As I said, Knime can open files with any size. It’s your system that is limiting it. There were a few questions and suggestions that were made regarding your memory allocation. Did you try them? You mentioned that you increased the size of memory of your system, but I then asked if you also increased the allocation of memory to Knime? With 32GB, you should easily be able to open a 6.2GB file.
Is that a requirement, or is this your workaround because you cannot open a big file? Try to assign the proper amount of memory to your Knime, it should work.
Regardless, it’s also good to know how to partially read a file. The Excel Reader allows you to read from a start row to an end row, so you can partially read an Excel file:
The CSV Reader and the File Reader also both allow you to read a file partially by setting parameters in the Limit Rows tab:
And of course, as always in Knime, any setting you can set manually can be controlled by a variable dynamically, and so for all these settings, you can set the values dynamically in the Flow Variables tab:
I’m not sure what the “w” means in 100w or 200w (and by the way, if you do 100w rows, the second time it will be (100w+1) to 200w rows), but to keep it simple, let’s say we have a file containing 20 records and I want to read 5 lines at a time.

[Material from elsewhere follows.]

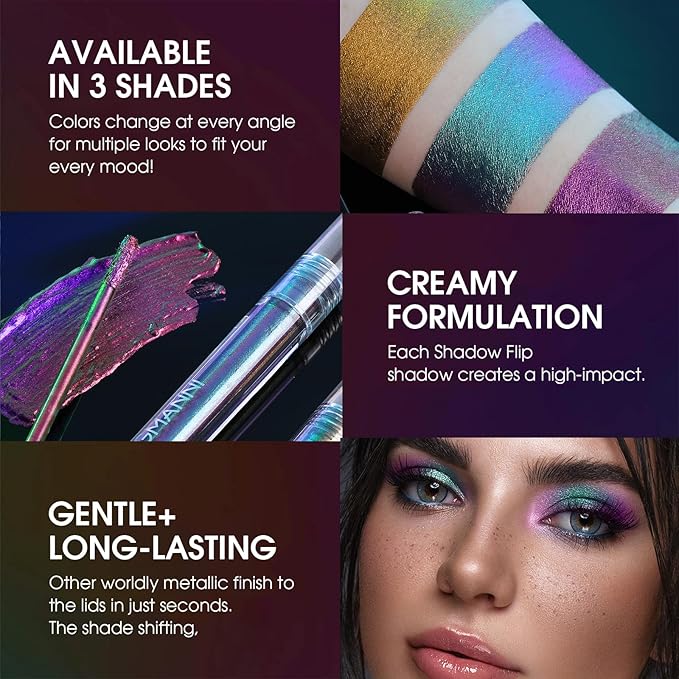 Jolilab 2Pcs Liquid Chameleon Eyeshadow Set, Holographic Multichrome Makeup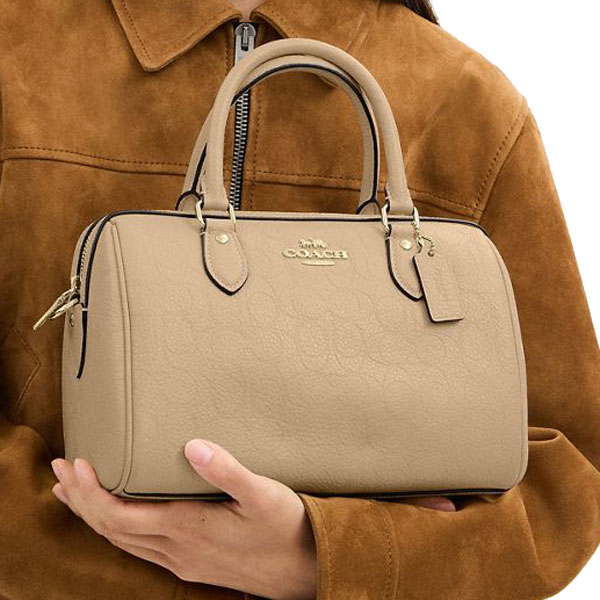 Coach Rowan Satchel Bag In Signature Leather Oat # CCD50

That means it should read:
1: 1-5 rows
2: 6-10 rows
3: 11-15 rows
4: 16-20 rows
Do you see a pattern here?
Rows to read: 5
Starting rows of every run: ((run-1) x 5) + 1
The good thing is that when you run this in a loop, Knime will give you what is the currentIteration is, and since iteration number starts with 0, in reality, this is what you will get:
Iteration | rows read
0 | 1-5
1 | 6-10
2 | 11-15
3 | 16-20
So, to get the starting row of each iteration, you can just use ($currentIteration$ * 5) + 1
, meaning if you want to know how many rows to skip for each iteration, it’s just $currentIteration$ * 5
, of course where 5 is the number of rows you want to read, so in reality, the proper formula would be:
Rows to skip: $currentIteration$ * $rows_per_batch$